* **What you are asked to do**:
When you find the line with "a spacious bedroom with a bed and a dresser" among the records below, reproduce it and each line after it exactly, ending with the line with "a backyard with".

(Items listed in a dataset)
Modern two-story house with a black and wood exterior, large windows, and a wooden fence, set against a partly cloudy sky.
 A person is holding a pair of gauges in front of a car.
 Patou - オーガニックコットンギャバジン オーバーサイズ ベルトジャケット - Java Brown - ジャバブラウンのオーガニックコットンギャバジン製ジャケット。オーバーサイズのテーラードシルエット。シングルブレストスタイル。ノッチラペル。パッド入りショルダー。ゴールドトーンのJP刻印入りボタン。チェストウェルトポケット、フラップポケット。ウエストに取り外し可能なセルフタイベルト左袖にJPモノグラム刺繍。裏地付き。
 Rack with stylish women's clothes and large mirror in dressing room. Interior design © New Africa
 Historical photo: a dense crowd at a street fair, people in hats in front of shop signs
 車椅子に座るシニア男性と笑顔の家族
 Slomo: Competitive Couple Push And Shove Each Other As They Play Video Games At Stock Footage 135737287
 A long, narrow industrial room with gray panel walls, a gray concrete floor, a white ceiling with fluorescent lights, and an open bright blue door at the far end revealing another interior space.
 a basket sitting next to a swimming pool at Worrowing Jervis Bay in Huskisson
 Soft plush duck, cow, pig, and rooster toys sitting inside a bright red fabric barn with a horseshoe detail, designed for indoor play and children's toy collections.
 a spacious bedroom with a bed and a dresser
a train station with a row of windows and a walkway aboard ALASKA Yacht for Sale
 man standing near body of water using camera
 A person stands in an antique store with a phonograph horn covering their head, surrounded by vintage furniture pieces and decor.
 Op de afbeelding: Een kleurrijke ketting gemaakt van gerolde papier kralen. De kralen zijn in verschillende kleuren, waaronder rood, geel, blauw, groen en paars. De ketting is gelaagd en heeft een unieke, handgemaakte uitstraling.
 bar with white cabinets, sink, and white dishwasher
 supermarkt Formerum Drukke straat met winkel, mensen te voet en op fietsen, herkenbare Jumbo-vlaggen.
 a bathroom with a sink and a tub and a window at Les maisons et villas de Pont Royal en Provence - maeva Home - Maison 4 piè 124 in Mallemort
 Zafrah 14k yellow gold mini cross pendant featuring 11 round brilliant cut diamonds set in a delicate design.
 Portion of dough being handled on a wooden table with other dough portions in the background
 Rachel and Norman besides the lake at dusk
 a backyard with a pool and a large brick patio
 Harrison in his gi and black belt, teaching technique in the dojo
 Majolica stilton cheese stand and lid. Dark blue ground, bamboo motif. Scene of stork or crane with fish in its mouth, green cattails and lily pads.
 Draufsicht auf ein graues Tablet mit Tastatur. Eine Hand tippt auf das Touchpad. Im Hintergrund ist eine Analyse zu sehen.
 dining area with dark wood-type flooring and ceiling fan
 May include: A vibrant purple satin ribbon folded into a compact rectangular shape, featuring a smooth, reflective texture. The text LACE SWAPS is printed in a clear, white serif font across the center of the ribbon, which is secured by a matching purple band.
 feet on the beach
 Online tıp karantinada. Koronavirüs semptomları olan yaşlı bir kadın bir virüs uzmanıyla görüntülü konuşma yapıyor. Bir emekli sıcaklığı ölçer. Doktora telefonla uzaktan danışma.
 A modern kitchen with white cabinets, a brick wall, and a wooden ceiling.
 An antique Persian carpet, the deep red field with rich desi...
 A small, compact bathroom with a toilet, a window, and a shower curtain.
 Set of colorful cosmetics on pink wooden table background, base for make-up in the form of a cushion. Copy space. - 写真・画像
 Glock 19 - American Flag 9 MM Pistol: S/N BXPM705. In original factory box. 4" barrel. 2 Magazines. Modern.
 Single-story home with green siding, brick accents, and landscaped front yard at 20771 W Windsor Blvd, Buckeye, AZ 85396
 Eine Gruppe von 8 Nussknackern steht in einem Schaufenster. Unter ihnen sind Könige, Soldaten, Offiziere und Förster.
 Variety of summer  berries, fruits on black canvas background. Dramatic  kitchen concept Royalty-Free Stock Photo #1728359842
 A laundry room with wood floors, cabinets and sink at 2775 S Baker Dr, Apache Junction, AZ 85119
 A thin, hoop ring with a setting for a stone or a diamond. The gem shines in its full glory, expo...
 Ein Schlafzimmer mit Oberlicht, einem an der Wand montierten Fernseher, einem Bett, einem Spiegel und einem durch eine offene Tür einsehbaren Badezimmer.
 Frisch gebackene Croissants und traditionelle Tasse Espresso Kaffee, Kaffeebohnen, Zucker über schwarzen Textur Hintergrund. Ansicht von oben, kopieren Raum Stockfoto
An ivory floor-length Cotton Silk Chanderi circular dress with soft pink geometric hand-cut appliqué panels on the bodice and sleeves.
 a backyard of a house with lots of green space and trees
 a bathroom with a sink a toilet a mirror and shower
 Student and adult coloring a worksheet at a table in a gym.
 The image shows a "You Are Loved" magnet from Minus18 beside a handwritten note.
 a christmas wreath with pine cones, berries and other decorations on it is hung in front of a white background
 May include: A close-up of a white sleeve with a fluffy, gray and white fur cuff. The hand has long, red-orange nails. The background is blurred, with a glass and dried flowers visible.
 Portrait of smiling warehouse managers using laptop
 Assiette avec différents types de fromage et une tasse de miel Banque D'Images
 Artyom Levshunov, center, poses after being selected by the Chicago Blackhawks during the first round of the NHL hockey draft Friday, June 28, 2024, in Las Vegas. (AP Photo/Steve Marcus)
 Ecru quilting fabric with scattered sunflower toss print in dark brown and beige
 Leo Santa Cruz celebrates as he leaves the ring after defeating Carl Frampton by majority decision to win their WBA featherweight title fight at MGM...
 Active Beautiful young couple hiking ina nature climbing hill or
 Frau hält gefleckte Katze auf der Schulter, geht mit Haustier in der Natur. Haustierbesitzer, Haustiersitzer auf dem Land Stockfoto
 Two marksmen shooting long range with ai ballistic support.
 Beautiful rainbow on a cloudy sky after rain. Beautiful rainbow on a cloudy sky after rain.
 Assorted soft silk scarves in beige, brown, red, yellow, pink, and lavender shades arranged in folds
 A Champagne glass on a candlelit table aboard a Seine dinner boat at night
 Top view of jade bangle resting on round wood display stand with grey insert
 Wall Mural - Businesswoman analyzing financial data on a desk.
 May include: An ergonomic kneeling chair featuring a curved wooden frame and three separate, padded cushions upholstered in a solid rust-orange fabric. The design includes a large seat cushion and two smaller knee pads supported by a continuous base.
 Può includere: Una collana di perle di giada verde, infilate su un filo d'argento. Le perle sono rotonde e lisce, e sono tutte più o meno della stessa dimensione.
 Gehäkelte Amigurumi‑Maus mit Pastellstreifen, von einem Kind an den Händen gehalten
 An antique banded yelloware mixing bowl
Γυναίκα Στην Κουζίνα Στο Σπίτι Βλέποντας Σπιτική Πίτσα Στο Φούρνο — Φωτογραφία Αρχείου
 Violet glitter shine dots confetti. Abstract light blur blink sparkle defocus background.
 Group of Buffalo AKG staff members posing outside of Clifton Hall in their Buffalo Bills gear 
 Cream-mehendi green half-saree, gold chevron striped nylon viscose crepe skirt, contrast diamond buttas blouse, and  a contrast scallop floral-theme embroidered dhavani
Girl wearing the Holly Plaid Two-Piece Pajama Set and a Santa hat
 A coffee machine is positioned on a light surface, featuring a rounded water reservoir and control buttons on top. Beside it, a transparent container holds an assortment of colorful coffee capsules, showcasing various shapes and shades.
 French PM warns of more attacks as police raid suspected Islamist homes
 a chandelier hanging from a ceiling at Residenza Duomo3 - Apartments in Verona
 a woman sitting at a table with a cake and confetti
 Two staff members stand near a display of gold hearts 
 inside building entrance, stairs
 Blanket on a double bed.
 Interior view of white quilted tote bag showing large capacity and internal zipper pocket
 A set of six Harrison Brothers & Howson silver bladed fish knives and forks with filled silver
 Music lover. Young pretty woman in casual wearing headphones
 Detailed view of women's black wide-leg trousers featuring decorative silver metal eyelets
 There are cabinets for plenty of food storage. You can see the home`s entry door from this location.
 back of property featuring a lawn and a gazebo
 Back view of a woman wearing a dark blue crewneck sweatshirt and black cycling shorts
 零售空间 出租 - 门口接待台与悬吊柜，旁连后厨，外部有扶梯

* **Exercise output**:
 a spacious bedroom with a bed and a dresser
a train station with a row of windows and a walkway aboard ALASKA Yacht for Sale
 man standing near body of water using camera
 A person stands in an antique store with a phonograph horn covering their head, surrounded by vintage furniture pieces and decor.
 Op de afbeelding: Een kleurrijke ketting gemaakt van gerolde papier kralen. De kralen zijn in verschillende kleuren, waaronder rood, geel, blauw, groen en paars. De ketting is gelaagd en heeft een unieke, handgemaakte uitstraling.
 bar with white cabinets, sink, and white dishwasher
 supermarkt Formerum Drukke straat met winkel, mensen te voet en op fietsen, herkenbare Jumbo-vlaggen.
 a bathroom with a sink and a tub and a window at Les maisons et villas de Pont Royal en Provence - maeva Home - Maison 4 piè 124 in Mallemort
 Zafrah 14k yellow gold mini cross pendant featuring 11 round brilliant cut diamonds set in a delicate design.
 Portion of dough being handled on a wooden table with other dough portions in the background
 Rachel and Norman besides the lake at dusk
 a backyard with a pool and a large brick patio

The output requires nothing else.